Sensaciones encontradas tras ver este Skyfall de Sam Mendes. La película recupera al mejor «nuevo Bond», el pausado y reflexivo de Casino Royale, después de ese incomprensible reconcentrado de 100 minutos de mamporros sin juicio, ritmo ni pulso que fue Quantum of Solace. Pero reincide en el aspecto más discutible de esta reinvención del héroe: el «modelo Nolan», según el cual la profundidad del discurso debe pasar por la vulnerabilidad del héroe. En el caso de Bond, esa debilidad es puro gatillazo: Bond sufre porque las chicas ya no yacen en su cama, sino en la tumba. Y por su maldita culpa. Pobre.

Lo que Skyfall nos dice no es ya que Bond deba ser Jason Bourne para que lo tomemos en serio, sino que debe dejar de ser James Bond. El acabóse. Pero por si acaso, entre las pausas trascendentales y los ceños fruncidos, se nos ofrece un viaje en Aston Martin, un nuevo invento de Q y hasta un guiño (muy Robin en el último Caballero Oscuro) a la mismísima Moneypenny. Pero tanto moverse entre la solemnidad y el homenaje autoirónico conlleva sus riesgos. Y así cuando el guión, en su tramo final, apela a ese pacto tácito con el espectador de suspensión de la incredulidad que constituye la marca de fábrica de la saga, es ya demasiado tarde: ya no podemos comprender esa huida final a una cabaña en medio de la nada, sin armas ni estrategia y con un anciano cazador como único recurso defensivo. Y tampoco entendemos que todo el plan del villano pase por asesinar a una persona en cuya casa Bond se cuela sin problemas a la media hora de película, toda vez que parece estar peor defendida incluso que la propia sede del MI6.

Tampoco es aceptable que la saga más longeva de la historia del cine copie sus golpes de efecto a sus más ilustres herederas (esa huida del Joker -perdón, Bardem- de la sede de la policía, ese trauma infantil del pequeño James Bond – ¿o era Bruce Wayne?- por la muerte de sus padres). Hay que decir, eso sí, que el punto irónico de la historia gana muchos enteros cuando el villano, en un alarde de deliciosa maldad, propone a todo un James Bond un improvisado cambio de acera para aliviar el trauma de éste con las mujeres.

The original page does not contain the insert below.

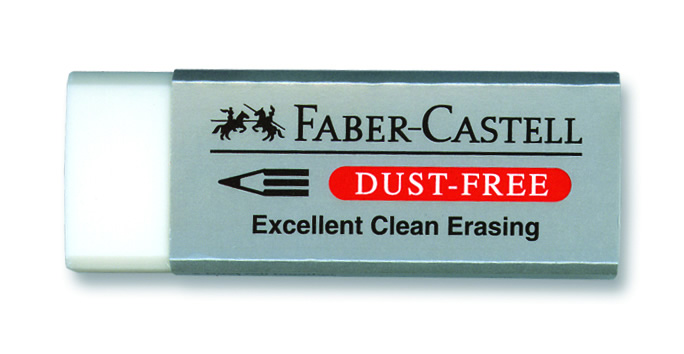 Faber Castell Dust Free Silgi, 20 li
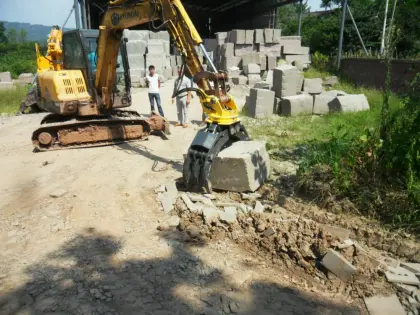 Horizontal Scrap Steel Guillotines Shear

Pero lo peor de este (por lo demás notable) film es su descarada subida al carro del nuevo timo de la estampita cinematográfico, versión reciente: la secuela infinita comienza a estar mal vista, por lo que la disfrazamos de precuela autorreferencial de elevadas pretensiones. El final de la película nos dice, tranquilizadoramente, que nos ha llevado tres films volver al punto de partida. «Ha sido un calentón y nos hemos puesto un poco serios y solemnes, pero no se preocupen: ya se nos ha pasado. James Bond will return, y volverá a ser el que era». ¿Para qué entonces tanta gaita? Lo hemos pasado bien, incluso rematadamente bien con Casino Royale y Skyfall, pero no era tan necesario justificarse en nombre de quién sabe qué arte: nos habríamos divertido igualmente si Daniel Craig se hubiera enfrentado a malvados de metálicas mandíbulas con relojes que disparan flechas de veneno. Quizá Sam Mendes haya querido recordarnos que echamos de menos a Spectra, al gato y a Shirley Bassey. Puede ser. Larga vida a 007 entonces, pero por favor: no me lo vuelvan a vestir de murciélago en plena crisis personal.

Acerca de Iker Zabala

Iker Zabala, ingeniero de telecomunicaciones, aficionado al cine, la música y la literatura y colaborador de la revista Jot Down. Me puse muy estupendo con los amigos, denostando con mucha suficiencia Twitter y otras "redes sociales" y jurando que jamás me abriría una cuenta ahí. He creado este blog para disimular y vencer el mono.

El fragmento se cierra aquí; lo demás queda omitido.